Art Histories
2014/ 2015

Ittai Weinryb

Art and Experience in the Time of the Astrolabe

Astrolabe, Muhammad b. AbiBakr, 618 A.H (1221/2 A.D.), Isfahan Iran/Persia (inv. number:48213), Oxford Museum of the History of Science)
Astrolabe, Muhammad b. AbiBakr, 618 A.H (1221/2 A.D.), Isfahan Iran/Persia (inv. number:48213), Oxford Museum of the History of Science).

Ittai Weinryb is Assistant Professor at the Bard Graduate Center in New York City. He received his PhD (2010) and MA from the Johns Hopkins University and his BA from Tel Aviv University. His area of research and teaching include Art and Material Culture of Western Europe and the Medieval Mediterranean in the nexus of Image and Object Theory, Anthropology, Magic and Religion as well as Medieval Folklore. He has recently completed a book entitled: Bronzescapes: Material and Magic in the Making of the Middle Ages. The book deals with the rise and development of monumental bronzes in Medieval Europe. Weinryb is currently also involved in developing a large-scale exhibition dealing with votive offerings (ex votos). He has published in journals such as Word and Image and Gesta and was recently an Andrew Mellon fellow at the Institute for Advanced Study at Princeton.
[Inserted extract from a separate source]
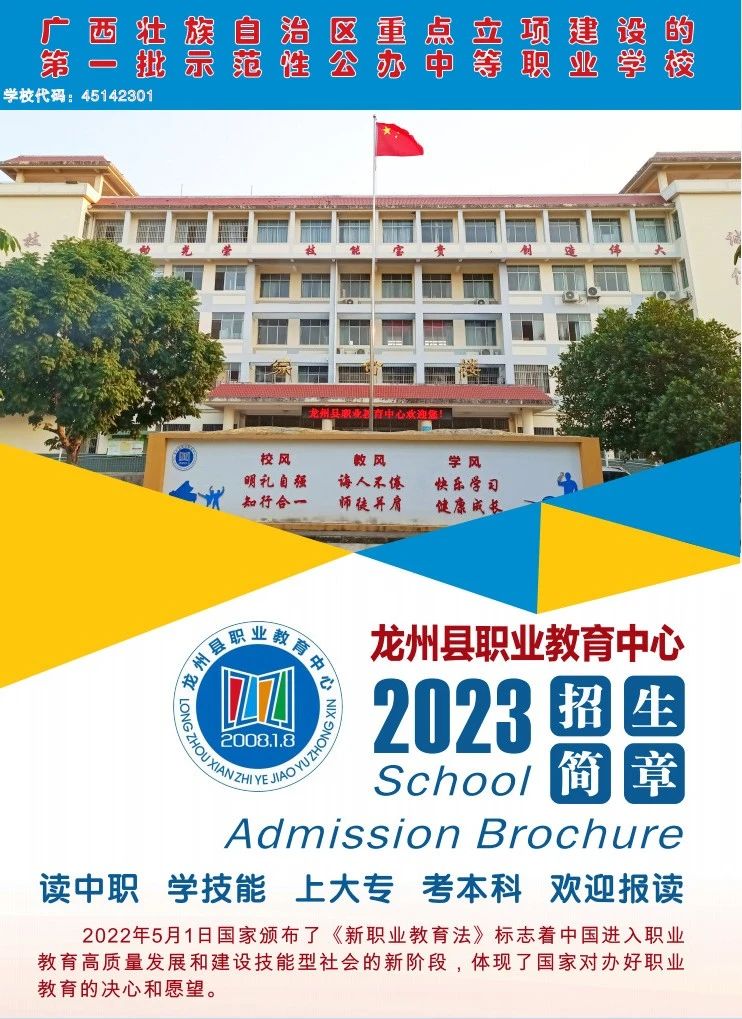 招生簡章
Art and Experience in the Age of the Astrolabe

Ittai Weinryb’s project as Art Histories and Aesthetic Practices fellow focuses on the reception and distribution of mathematical knowledge presented through the technology of the astrolabe in the Mediterranean environ in the Middle Ages. The astrolabe, a sophisticated inclinometer used by scholars, navigators and astrologers, was a fundamental scientific tool for the amassment of numerical and visual knowledge. Weinryb’s project carefully examines the place of the astrolabe’s technology and its relation to the production of data such as distance, proportion, length and depth as well as to its influence on the production of astrological knowledge. The project further shows that inter-regional interactions in the science of astrology in the Middle Ages were positioned in parallel movement to discourse in image and object production at that period. Thus, the reception of the technology of the astrolabe and the discourse regarding the actual fabrication of the inclinometer, this project shows, served as a protagonists in the discourse regarding the nature of object and image around the Mediterranean environ and beyond.